Could even be smaller since TOASTed items don't get loaded at the row
level but rather one after another. So a 68M row consisting of 4 17M
fields doesn't require 68M of memory to be sent to the client.


Jan

-- 
#======================================================================#
# It's easier to get forgiveness for being wrong than for being right. #
# Let's break this rule - forgive me.                                  #
#================================================== JanWieck@Yahoo.com #



Re: [HACKERS] More thoughts about FE/BE protocol

From
Tom Lane
Date:
Barry Lind <blind@xythos.com> writes:
> This all sounds great.  I am really looking to seeing all of this 
> implemented.  Are you still on schedule for getting this into 7.4?

I gotta get off my duff and get with it, but I still plan to do it.

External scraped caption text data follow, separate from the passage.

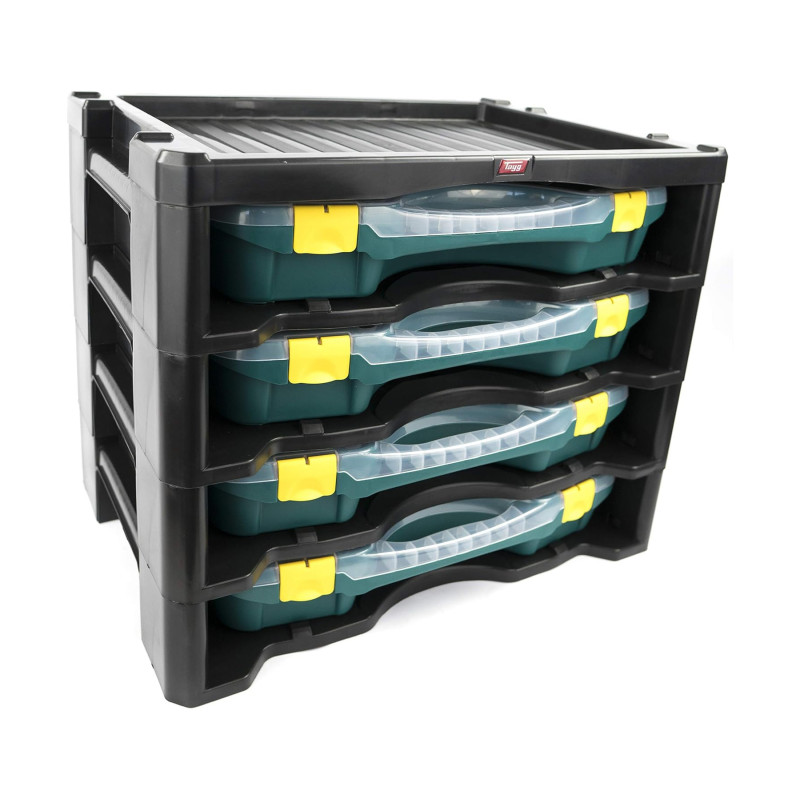 Multibox Tayg N.3 con 4 estuches 24-26
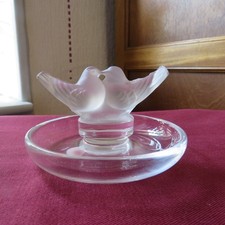 Baguier cristal lalique d'occasion  Thiaucourt-Regniéville
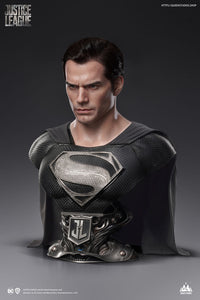 Queen Studios Superman Busto 1/1 Superman Black Ver. 73 cm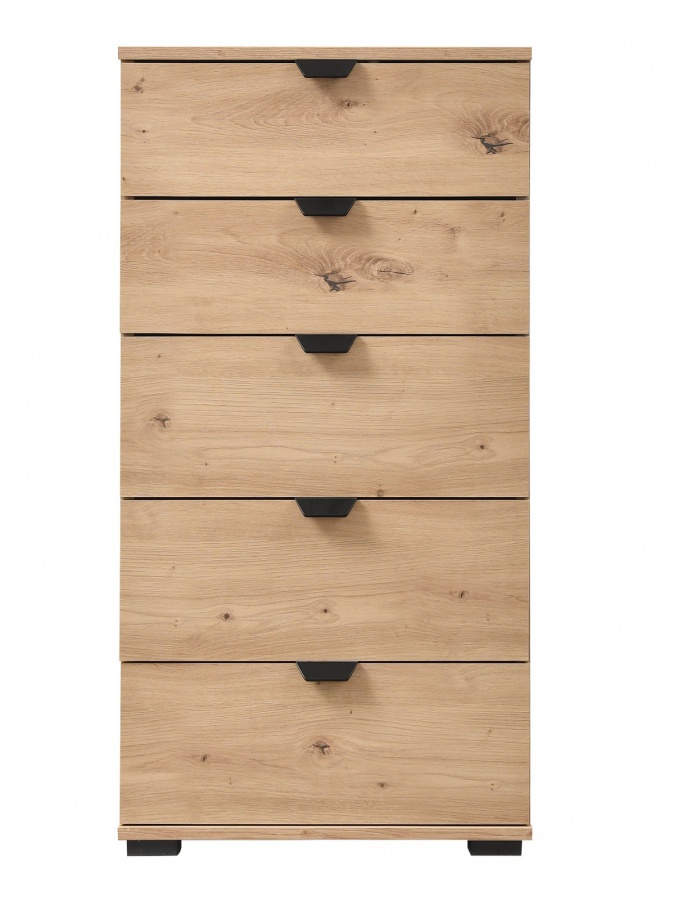 Úzká komoda rango - dub artisan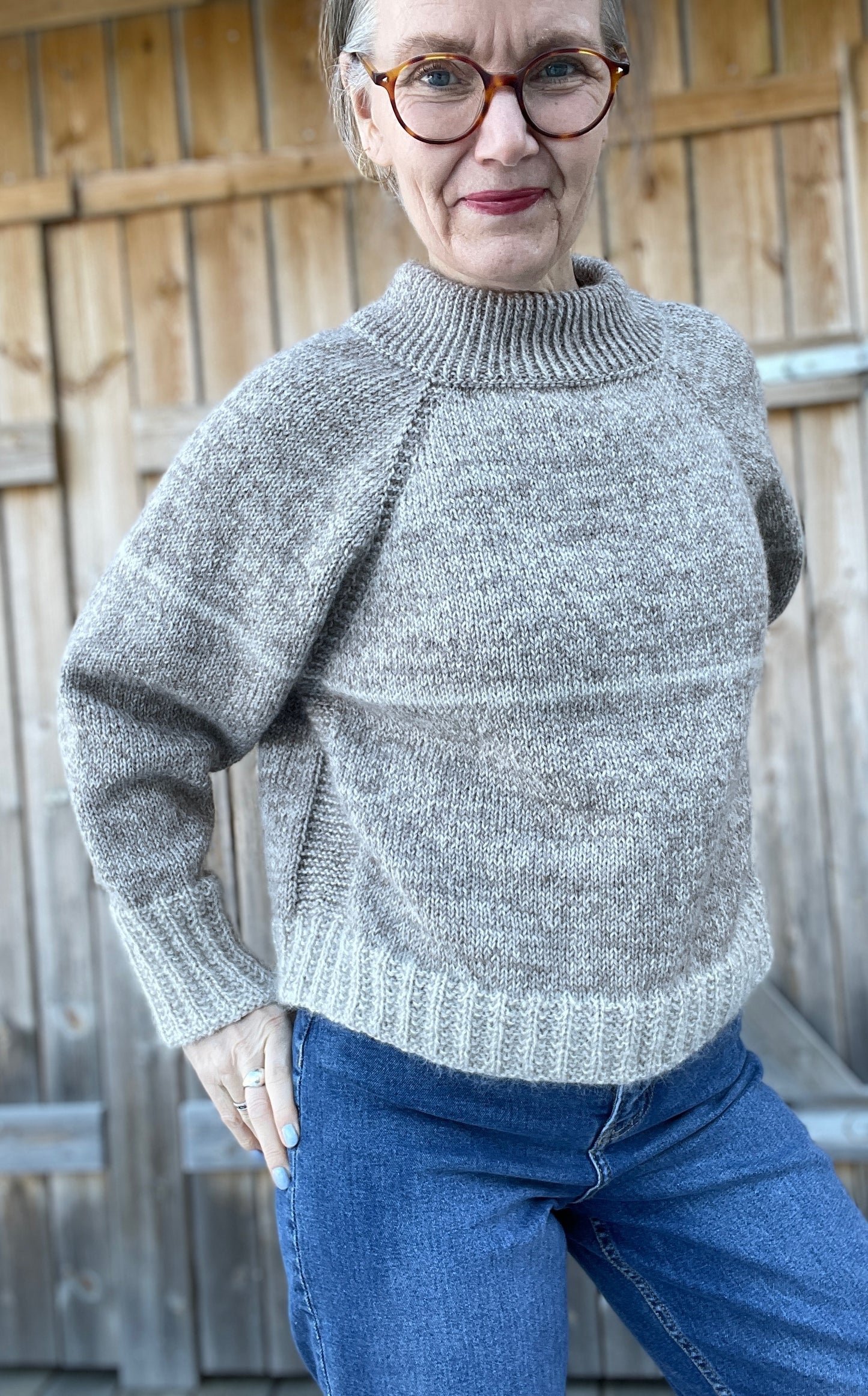 Opskrift Måha sweater - Dansk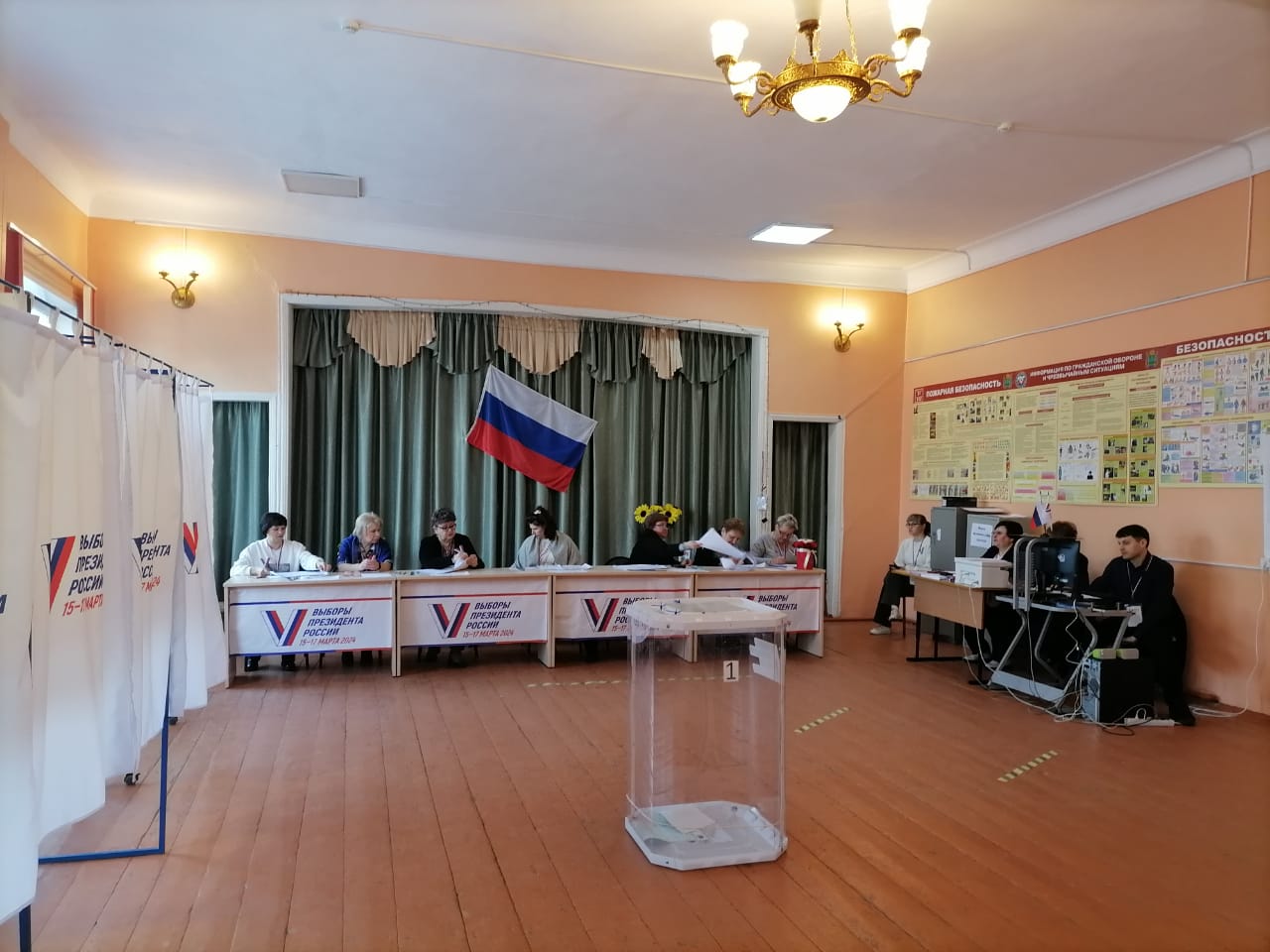 Сообщение наблюдателя — УИК №2302, Калужская область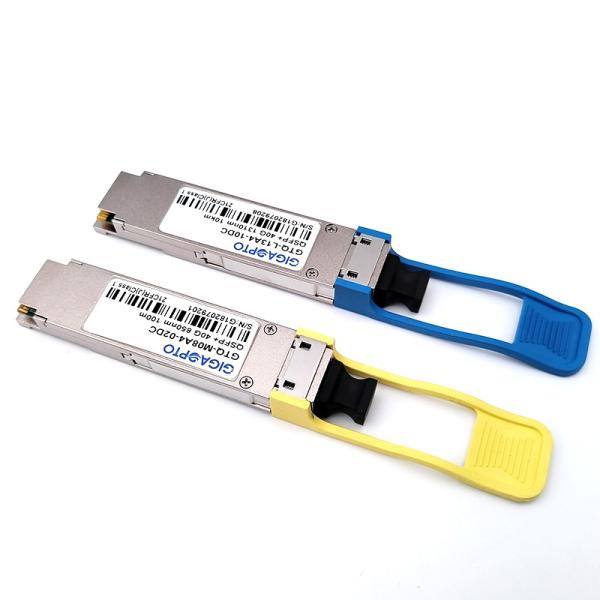 Buy 40G MMF Optical Transceiver with DDM Operating Voltage 3.3V at wholesale prices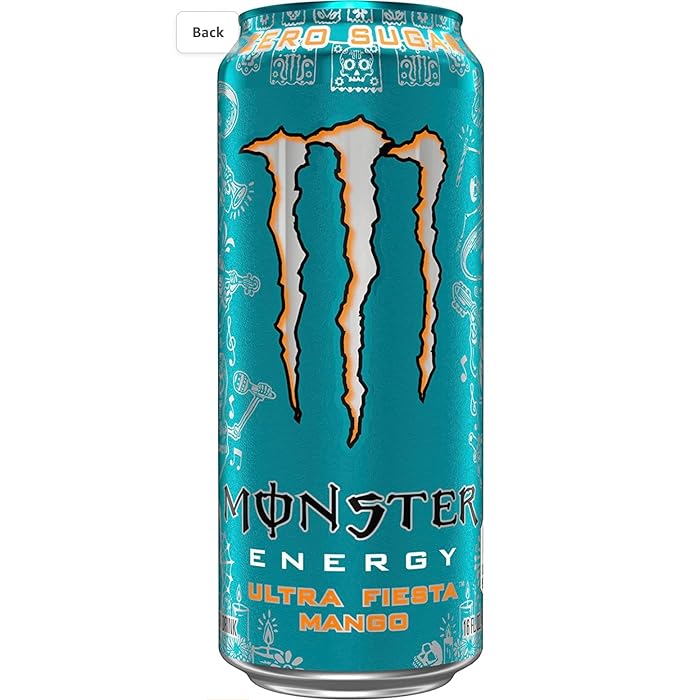 Monster - Energy Ultra 500ml (SOLD INDIVIDUALLY)
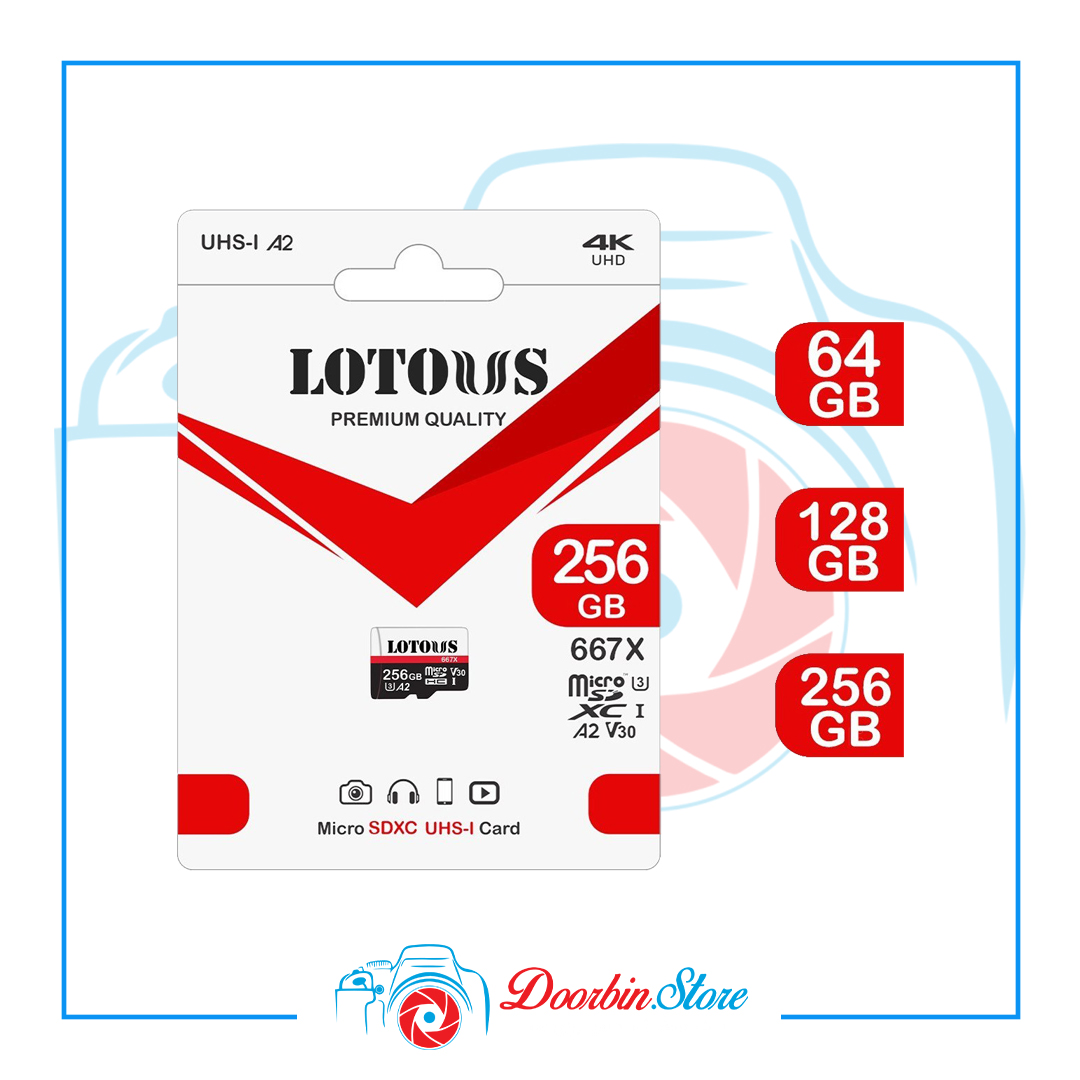 کارت حافظه Lotous micro SD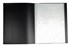 DISPLAY BOOK GNS A4 20 POCKET NONREFILLABLE BLACK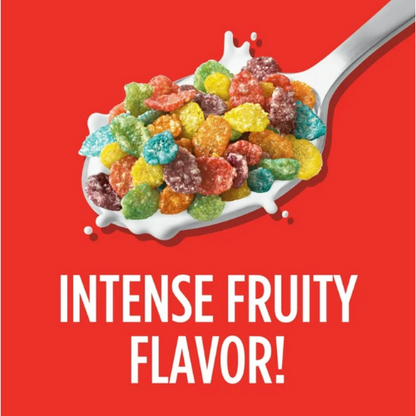 Post Fruity Pebbles, Sweetened Rice Cereal, 11 oz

> And will there be time left for the clients to make the changes
> necessary to use the new protocol?

Well, that depends how long they take ;-)

I had originally planned to do the error message revisions first, but
I now think they should be last, or at least the long/tedious part of
converting all the backend elog calls should be put off to last.  That
will provide an interval where all the protocol-level revisions are done
and so people can hack on the clients in parallel with the backend work.

I'll try to put out a protocol spec document first, which would give you
something to shoot at, but I'm not really expecting anyone to work very
hard on it until there's backend code to test against ...
        regards, tom lane



Re: [HACKERS] More thoughts about FE/BE protocol

From
Bruce Badger
Date:
On Fri, 2003-04-11 at 04:15, Tom Lane wrote:

> Well, as far as network roundtrips go, it's always been true that you
> don't really have to wait for the backend's response before sending the
> next command.  The proposal to decouple SYNC from individual commands
> should make this easier: you fire off N commands "blind", then a SYNC.
> When the sync response comes back, it's done.  If any of the commands
> fail, all else up to the SYNC will be ignored, so you don't have the
> problem of commands executing against an unexpected state.

Is SYNC going to be a new kind of message?  Is the SYNC response yet
another?

Either way, could this be used as a keep-alive for long-lived
connections?  (some users of the current Smalltalk drivers report that
long lived connections over the Internet sometimes just die)

Also, with the new protocol, will the number of affected rows be 
returned in a way that does not require parsing to fish it out?

Thanks,Bruce



Re: [HACKERS] More thoughts about FE/BE protocol

From
"Nigel J. Andrews"
Date:
On 11 Apr 2003, Bruce Badger wrote:

> On Fri, 2003-04-11 at 04:15, Tom Lane wrote:
> 
> > Well, as far as network roundtrips go, it's always been true that you
> > don't really have to wait for the backend's response before sending the
> > next command.  The proposal to decouple SYNC from individual commands
> > should make this easier: you fire off N commands "blind", then a SYNC.
> > When the sync response comes back, it's done.  If any of the commands
> > fail, all else up to the SYNC will be ignored, so you don't have the
> > problem of commands executing against an unexpected state.
> 
> Is SYNC going to be a new kind of message?  Is the SYNC response yet
> another?
> 
> Either way, could this be used as a keep-alive for long-lived
> connections?  (some users of the current Smalltalk drivers report that
> long lived connections over the Internet sometimes just die)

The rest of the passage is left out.